使用NaN值反向排序Numpy数组

Question

I have a numpy array with some NaN values:

>>> a
array([  1.,  -1.,   nan,  0.,  nan], dtype=float32)

I can sort it in ascending or 'descending' order:

>>> numpy.sort(a)
array([ -1.,   0.,   1.,  nan,  nan], dtype=float32)
>>> numpy.sort(a)[::-1]
array([ nan,  nan,   1.,   0.,  -1.], dtype=float32)

However, what I want is descending order with NaN values at the end, like this:

>>> numpy.genuine_reverse_sort(a)
array([ 1.,   0.,   -1.,  nan,  nan], dtype=float32)

How could this be accomplished? I suspect that there is no special method for this.

Answer 1

I think you're probably right -- there is no built in special method to do this. But you could do it in two steps as follows by rolling your NaNs into the place you want them:

a = np.array([  1.,  -1.,   np.nan,  0.,  np.nan], dtype=np.float32)
sa = np.sort(a)[::-1]
np.roll(sa,-np.count_nonzero(np.isnan(a)))

array([  1.,   0.,  -1.,  nan,  nan], dtype=float32)

Answer 2

You can do the following:

>>> np.concatenate((np.sort(a[~np.isnan(a)])[::-1], [np.nan] * np.isnan(a).sum()))
array([ 1.,   0.,   -1.,  nan,  nan])

With this fragment you reverse sort the numerical entries of the input array, and then you concatenate with the appropriate number of nan values.

Answer 3

You can use np.argpartition to sort only the non-NaNs , like so -

a[np.argpartition(-a, np.arange((~np.isnan(a)).sum()) )]

Sample run -

In [253]: a
Out[253]: array([  1.,  -1.,  nan,   0.,  nan,   2.,   4.,  -2., -10.,  nan])

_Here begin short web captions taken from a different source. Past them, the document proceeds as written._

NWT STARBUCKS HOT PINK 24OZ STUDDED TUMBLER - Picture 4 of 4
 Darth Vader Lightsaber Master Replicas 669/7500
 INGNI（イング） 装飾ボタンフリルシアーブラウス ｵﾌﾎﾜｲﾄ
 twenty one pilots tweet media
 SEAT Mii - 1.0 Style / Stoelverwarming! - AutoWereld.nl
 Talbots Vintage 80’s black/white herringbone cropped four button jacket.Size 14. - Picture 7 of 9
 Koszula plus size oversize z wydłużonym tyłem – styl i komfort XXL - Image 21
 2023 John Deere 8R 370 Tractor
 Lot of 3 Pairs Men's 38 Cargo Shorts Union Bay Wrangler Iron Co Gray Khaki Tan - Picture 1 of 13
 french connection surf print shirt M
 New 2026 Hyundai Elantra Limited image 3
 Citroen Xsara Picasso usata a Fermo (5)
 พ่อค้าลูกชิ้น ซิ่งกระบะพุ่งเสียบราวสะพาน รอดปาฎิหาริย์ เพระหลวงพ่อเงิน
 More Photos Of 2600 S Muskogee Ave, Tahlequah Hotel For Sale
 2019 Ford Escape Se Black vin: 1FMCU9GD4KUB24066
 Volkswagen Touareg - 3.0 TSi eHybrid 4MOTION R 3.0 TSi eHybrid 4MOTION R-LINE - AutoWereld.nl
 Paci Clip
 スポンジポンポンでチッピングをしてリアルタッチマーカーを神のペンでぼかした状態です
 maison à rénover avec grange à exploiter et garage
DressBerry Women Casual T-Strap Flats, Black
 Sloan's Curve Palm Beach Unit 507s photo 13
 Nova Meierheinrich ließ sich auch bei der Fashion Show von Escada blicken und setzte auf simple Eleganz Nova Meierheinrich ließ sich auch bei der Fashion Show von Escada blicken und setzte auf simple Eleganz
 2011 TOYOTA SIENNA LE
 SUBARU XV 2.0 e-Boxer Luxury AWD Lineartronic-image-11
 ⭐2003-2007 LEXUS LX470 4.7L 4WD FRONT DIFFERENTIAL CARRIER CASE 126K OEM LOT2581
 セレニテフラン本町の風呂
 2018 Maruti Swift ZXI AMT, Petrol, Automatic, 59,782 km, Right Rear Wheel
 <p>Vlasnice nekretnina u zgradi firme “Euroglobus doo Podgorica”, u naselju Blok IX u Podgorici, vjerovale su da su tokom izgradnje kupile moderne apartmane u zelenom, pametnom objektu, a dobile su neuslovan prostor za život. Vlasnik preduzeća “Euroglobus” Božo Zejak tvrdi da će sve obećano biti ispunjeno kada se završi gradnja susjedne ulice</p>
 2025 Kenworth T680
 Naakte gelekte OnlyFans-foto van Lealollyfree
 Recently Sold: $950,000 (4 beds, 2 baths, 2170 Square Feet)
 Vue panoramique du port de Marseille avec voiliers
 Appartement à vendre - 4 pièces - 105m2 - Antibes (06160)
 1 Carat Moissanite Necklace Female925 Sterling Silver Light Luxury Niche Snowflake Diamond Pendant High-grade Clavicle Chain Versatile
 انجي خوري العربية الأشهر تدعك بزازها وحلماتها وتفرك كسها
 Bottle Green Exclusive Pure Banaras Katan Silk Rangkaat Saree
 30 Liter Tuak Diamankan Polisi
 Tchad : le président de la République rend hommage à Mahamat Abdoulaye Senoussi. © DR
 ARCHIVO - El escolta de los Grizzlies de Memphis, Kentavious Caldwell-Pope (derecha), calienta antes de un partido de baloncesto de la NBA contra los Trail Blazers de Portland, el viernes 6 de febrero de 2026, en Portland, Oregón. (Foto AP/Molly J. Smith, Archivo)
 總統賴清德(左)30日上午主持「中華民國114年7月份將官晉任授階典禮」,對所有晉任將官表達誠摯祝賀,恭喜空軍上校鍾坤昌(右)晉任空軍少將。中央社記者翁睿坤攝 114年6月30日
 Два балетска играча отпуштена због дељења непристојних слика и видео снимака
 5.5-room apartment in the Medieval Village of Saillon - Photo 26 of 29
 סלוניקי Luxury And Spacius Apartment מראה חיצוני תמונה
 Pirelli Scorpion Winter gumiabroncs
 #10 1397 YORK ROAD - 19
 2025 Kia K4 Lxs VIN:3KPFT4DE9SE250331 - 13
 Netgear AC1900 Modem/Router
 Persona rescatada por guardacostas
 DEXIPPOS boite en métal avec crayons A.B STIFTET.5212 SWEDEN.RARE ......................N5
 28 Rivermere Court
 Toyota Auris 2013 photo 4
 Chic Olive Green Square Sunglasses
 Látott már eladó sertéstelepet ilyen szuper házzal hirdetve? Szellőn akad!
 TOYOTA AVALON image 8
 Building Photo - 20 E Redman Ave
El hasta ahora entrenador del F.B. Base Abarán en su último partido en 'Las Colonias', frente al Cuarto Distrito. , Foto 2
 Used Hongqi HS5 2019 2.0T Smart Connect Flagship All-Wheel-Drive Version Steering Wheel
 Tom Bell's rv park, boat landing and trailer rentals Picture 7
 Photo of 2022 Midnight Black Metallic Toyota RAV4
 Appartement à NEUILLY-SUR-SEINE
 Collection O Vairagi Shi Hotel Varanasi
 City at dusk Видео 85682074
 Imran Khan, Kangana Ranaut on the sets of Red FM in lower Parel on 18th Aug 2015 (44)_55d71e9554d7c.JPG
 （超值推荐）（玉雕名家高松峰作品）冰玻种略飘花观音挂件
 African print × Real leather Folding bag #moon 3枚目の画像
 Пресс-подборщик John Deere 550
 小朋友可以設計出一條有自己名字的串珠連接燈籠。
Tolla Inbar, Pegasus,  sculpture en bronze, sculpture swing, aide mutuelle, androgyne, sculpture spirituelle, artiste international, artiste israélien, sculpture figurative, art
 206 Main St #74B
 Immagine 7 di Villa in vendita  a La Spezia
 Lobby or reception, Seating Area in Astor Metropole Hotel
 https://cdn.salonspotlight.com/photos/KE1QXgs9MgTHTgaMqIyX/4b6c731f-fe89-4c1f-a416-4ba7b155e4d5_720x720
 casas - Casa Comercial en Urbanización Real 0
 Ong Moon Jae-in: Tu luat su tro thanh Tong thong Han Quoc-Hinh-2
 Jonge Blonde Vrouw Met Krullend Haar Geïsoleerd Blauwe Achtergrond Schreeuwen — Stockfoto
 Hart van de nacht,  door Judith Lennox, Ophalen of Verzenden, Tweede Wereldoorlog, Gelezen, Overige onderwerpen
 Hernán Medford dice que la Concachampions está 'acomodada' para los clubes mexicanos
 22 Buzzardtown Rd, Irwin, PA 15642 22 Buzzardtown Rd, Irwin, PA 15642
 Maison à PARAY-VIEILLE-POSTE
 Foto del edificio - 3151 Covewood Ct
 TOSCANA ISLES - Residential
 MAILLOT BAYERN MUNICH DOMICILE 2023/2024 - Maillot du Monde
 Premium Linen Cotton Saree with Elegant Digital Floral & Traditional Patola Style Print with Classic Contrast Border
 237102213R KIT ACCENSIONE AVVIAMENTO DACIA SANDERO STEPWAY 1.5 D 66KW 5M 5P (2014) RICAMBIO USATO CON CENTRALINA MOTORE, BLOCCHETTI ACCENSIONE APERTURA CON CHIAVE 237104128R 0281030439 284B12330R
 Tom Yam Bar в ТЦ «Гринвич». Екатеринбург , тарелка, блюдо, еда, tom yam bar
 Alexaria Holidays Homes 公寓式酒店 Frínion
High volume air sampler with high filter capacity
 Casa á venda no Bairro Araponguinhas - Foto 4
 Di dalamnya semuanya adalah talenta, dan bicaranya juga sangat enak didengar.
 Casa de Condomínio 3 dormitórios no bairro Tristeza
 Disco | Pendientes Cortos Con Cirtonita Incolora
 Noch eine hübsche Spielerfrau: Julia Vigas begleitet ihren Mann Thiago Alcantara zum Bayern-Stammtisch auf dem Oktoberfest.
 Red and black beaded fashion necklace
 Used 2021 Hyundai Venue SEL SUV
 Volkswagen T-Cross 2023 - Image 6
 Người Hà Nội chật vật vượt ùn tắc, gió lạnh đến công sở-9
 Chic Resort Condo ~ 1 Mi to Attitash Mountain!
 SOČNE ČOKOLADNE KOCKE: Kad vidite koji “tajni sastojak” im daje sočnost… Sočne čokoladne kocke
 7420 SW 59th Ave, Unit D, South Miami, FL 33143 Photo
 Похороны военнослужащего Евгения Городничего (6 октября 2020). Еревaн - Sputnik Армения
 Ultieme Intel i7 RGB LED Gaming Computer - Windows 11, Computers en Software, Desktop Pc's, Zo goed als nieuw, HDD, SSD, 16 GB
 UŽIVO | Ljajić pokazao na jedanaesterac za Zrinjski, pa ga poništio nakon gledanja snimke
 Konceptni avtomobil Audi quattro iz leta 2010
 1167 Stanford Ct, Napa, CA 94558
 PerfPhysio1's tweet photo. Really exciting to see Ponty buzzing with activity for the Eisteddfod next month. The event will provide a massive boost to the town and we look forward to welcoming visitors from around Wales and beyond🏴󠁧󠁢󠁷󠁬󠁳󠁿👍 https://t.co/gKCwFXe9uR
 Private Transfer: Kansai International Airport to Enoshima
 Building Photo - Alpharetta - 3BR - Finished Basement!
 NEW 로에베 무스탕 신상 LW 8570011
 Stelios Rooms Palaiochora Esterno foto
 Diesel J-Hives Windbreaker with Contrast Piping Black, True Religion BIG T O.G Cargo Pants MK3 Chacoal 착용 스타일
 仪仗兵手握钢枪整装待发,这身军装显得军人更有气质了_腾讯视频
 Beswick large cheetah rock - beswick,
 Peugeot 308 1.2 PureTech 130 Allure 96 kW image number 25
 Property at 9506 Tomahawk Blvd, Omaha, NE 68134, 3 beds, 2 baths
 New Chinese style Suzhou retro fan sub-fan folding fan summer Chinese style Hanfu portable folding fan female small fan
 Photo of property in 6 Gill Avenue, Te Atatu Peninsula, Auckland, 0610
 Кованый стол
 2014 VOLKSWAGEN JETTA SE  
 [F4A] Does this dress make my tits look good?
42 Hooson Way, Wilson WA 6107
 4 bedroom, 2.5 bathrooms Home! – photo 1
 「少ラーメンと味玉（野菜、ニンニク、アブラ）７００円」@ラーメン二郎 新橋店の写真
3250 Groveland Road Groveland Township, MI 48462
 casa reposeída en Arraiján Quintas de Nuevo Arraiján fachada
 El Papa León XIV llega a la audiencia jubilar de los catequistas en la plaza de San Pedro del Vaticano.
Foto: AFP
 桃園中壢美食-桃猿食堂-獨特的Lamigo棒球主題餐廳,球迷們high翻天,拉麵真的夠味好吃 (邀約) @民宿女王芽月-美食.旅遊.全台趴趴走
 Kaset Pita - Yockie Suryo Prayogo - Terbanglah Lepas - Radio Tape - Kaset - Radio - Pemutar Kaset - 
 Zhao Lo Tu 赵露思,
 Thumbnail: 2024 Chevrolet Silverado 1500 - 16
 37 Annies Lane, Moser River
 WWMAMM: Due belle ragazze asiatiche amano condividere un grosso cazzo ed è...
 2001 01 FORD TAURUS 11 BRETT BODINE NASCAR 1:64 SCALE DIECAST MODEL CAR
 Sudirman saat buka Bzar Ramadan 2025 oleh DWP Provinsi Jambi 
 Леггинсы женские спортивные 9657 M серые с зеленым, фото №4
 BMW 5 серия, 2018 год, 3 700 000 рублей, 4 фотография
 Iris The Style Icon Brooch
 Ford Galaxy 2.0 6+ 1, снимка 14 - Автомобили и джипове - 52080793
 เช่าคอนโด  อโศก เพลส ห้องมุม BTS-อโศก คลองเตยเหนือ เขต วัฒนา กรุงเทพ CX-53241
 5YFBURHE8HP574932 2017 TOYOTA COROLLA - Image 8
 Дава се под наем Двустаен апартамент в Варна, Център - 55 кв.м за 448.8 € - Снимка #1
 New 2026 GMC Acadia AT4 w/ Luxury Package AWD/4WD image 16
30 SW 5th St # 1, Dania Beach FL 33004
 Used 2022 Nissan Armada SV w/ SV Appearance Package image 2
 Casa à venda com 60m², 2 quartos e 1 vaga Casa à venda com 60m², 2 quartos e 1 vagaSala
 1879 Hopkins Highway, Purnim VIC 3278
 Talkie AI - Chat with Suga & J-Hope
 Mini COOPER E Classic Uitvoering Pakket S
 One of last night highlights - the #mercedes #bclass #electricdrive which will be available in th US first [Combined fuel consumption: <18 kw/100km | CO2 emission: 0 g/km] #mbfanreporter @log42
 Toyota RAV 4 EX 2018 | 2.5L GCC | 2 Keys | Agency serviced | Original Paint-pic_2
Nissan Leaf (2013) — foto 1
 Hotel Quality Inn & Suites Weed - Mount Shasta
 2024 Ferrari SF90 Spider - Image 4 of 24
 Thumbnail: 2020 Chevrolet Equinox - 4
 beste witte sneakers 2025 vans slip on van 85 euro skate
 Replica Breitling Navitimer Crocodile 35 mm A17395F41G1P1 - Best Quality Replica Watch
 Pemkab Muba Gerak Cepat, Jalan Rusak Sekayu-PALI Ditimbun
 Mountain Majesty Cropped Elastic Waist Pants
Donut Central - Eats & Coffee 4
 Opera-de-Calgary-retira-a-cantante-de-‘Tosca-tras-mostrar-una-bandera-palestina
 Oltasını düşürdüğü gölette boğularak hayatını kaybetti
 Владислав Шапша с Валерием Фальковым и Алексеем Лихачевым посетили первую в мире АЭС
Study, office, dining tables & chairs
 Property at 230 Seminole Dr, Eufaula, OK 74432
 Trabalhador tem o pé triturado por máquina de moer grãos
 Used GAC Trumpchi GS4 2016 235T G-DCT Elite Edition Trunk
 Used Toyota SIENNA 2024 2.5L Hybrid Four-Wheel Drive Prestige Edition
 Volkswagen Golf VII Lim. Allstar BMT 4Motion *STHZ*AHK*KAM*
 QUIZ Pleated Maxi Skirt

In [254]: a[np.argpartition(-a, np.arange((~np.isnan(a)).sum()) )]
Out[254]: array([  4.,   2.,   1.,   0.,  -1.,  -2., -10.,  nan,  nan,  nan])

Answer 4

What about negating the values twice:

>>> a = np.array([2., -1., nan,  0., nan])
>>> np.sort(a)
array([ -1.,   0.,   2.,  nan,  nan])
>>> -np.sort(-a)
array([  2.,   0.,  -1.,  nan,  nan])